“The White Devil’s Daughters” shines a historical spotlight on a problem that continues to plague the world today: human trafficking. The “white devil” was Donaldina Cameron, an immigrant from New Zealand who ran the Methodist Church mission home in San Francisco for over 30 years around the turn of the last century. The “daughters” were the Chinese girls she rescued from a life of forced prostitution.
Siler’s research is thorough, with 70 pages of notes and appendices. Using letters, journals, newspaper articles and other documents, she recounts the struggles of one determined woman against formidable opposition. Besides battling ruthless Chinese slave traders who would stop at nothing to get back their valuable “investment,” Cameron was also hamstrung by a political and judicial system that was often either apathetic or corrupt.

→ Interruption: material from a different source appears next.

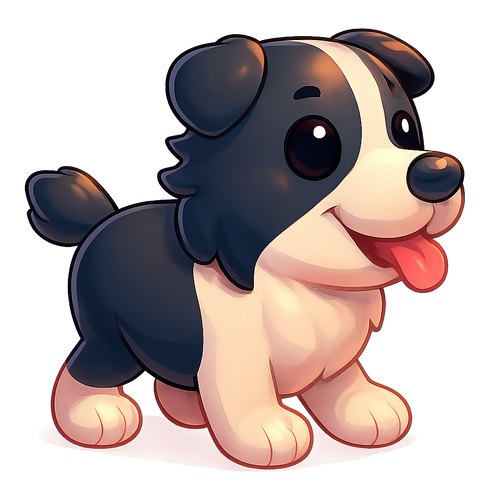 NFR Border Collie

Add to that an immigration policy that abetted the problem by refusing to allow Chinese women to immigrate, creating a ratio that peaked at 22 men to one woman, and you can see the difficulty.
At that time, churches were the primary opposition to the sex slave trade, and their efforts were motivated by a desire to offer humanitarian aid and evangelism. Siler details the stories of many of Cameron’s “daughters” who became Christians and spent the rest of their lives living out their faith by helping others who found their way to the home at 920 Sacramento St. over the years.

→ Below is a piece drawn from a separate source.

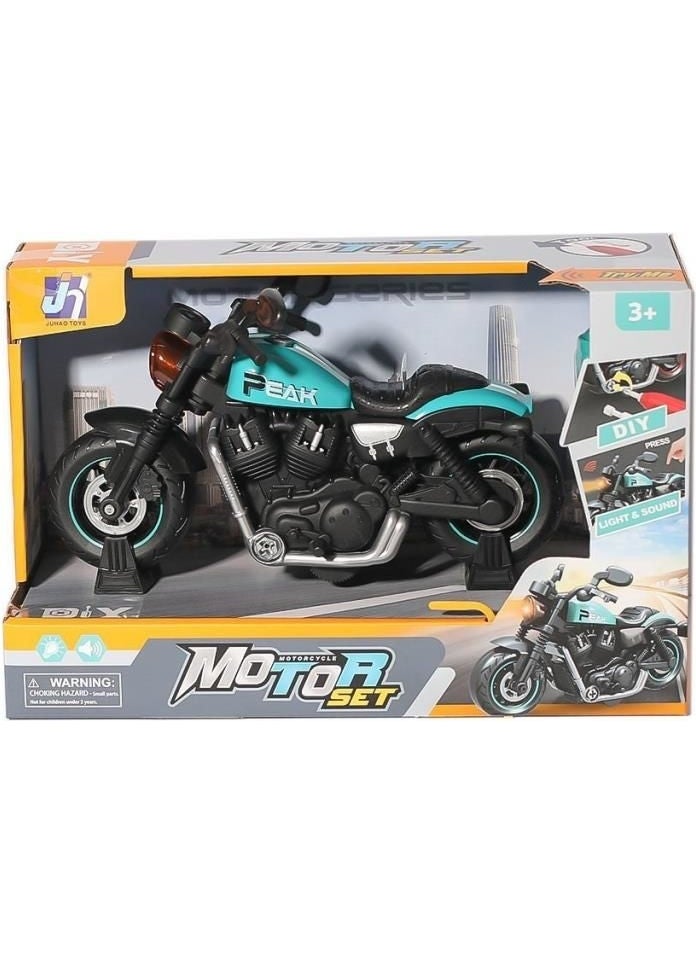 KTYRA52 NESSIWORLD8080A-10 12 Motorcycles with Music and Lights - pzsku/ZE849DD52E18A0C0F7CDAZ/45/_/1730571777/673fb91d-853b-4183-8fd2-94888d896658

Siler’s academic approach to faith could be described as “looking at, rather than looking along,” to paraphrase C.S. Lewis. She spends some time examining the conversions of the Chinese, evaluating whether they were genuine or merely expedient. Though in most cases she concludes that their faith was real, and often includes quotes from their letters as support, this same story could be written by another author for a different audience and would probably have a very different feel.

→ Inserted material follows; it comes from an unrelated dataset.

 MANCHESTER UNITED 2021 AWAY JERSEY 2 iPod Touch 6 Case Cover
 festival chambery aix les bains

If Cameron lived today, she might not appreciate the phrase “Well-behaved women rarely make history,” and yet it seems made for her. It’s ironic that someone so devout was also defying conventional roles and even breaking the law to do what she felt called to do. By helping other women gain their freedom, she gained one of her own—a theme that runs through the book. Even without any analysis, though, these events make for compelling reading.
Wendy Migdal is a freelance reviewer in Fredericksburg.